Huntington's disease is an inherited disorder passed down through families in which brain cells waste away, or degenerate. While most patients develop symptoms as adults, children and teens can develop juvenile HD. Movement, judgment, thinking and speech decline, and psychiatric symptoms are very disabling. Over the course of the disease, patients suffer painful involuntary movements and loss of independence. Many people who are at risk are reluctant to be tested for fear they may lose health insurance or their jobs, and families of HD victims face the added challenges and costs of long-term caregiving.
The UC Davis trials for treating HD are targeted for earlier phases of the disease, when patients are younger and before the illness's full impact can take its toll. Wheelock said that mesenchymal stem cells represent remarkably effective delivery vehicles because they move well through tissue and can produce high levels of growth factor for uptake by the damaged neurons.
In preparation for a phase I clinical trial, the Huntington's disease team is carefully testing its proposed cellular infusion therapy for safety and effectiveness. In HD mouse models, the team has demonstrated that the delivery of brain-derived neurotrophic factors via mesenchymal stem cells significantly reduces behavioral deficits back to nearly normal levels.
"What's also exciting about our study is that our biological delivery system shows great promise for treating other neurodegenerative disorders such as amyotrophic lateral sclerosis (Lou Gehrig's disease), spinocerebellar ataxia, Alzheimer's disease, and even some forms of Parkinson's," said Wheelock. "Moreover, because HD patients have few other options, the benefit-to-risk ratio for our planned clinical trial is very high, and today's CIRM grant will enable us to move forward."
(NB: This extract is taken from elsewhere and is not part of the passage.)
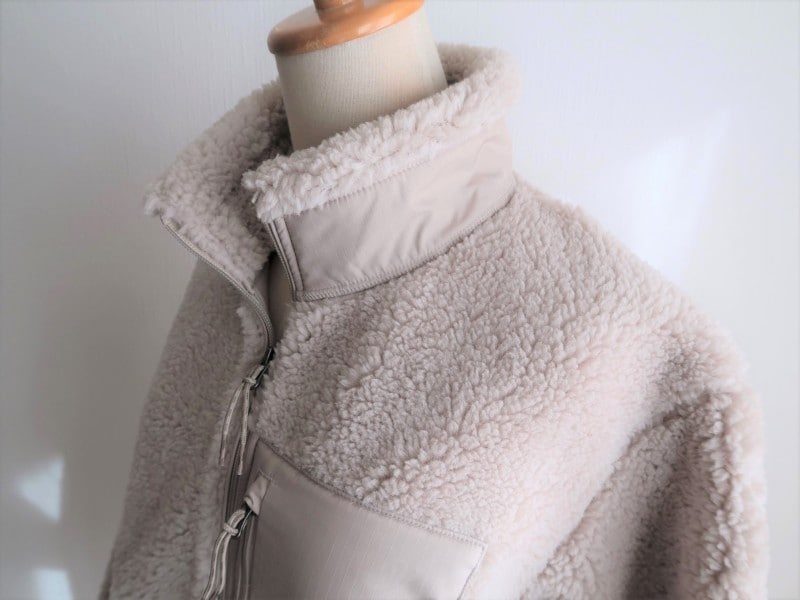 首元の襟がしっかり立ってくれるので小顔効果も狙えそう！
The state's latest round of stem cell grants to UC Davis represent the largest single-day amount ever earmarked for regenerative medicine research at the university, and nearly equals the total amount of funding it has received from CIRM over the past six years.
"We know that one of CIRM's primary goals with its awards is to enable teams of laboratory scientists, clinicians and junior investigators to tackle the most clinically relevant treatment issues and overcome potential safety problems as early in the research process as possible," said Frederick J. Meyers, executive associate dean for UC Davis School of Medicine, who oversees the school's research, teaching, clinical care and community engagement. "We are honored to receive the agency's support."
Meyers emphasized the role many people, including donors, have played in expanding the stem cell research program at UC Davis.
"Along with talented teams and state grants, our research success also is the result of visionary private donors who have been catalysts for funding our scientists and projects that will have far-reaching benefits for improving human health," he said.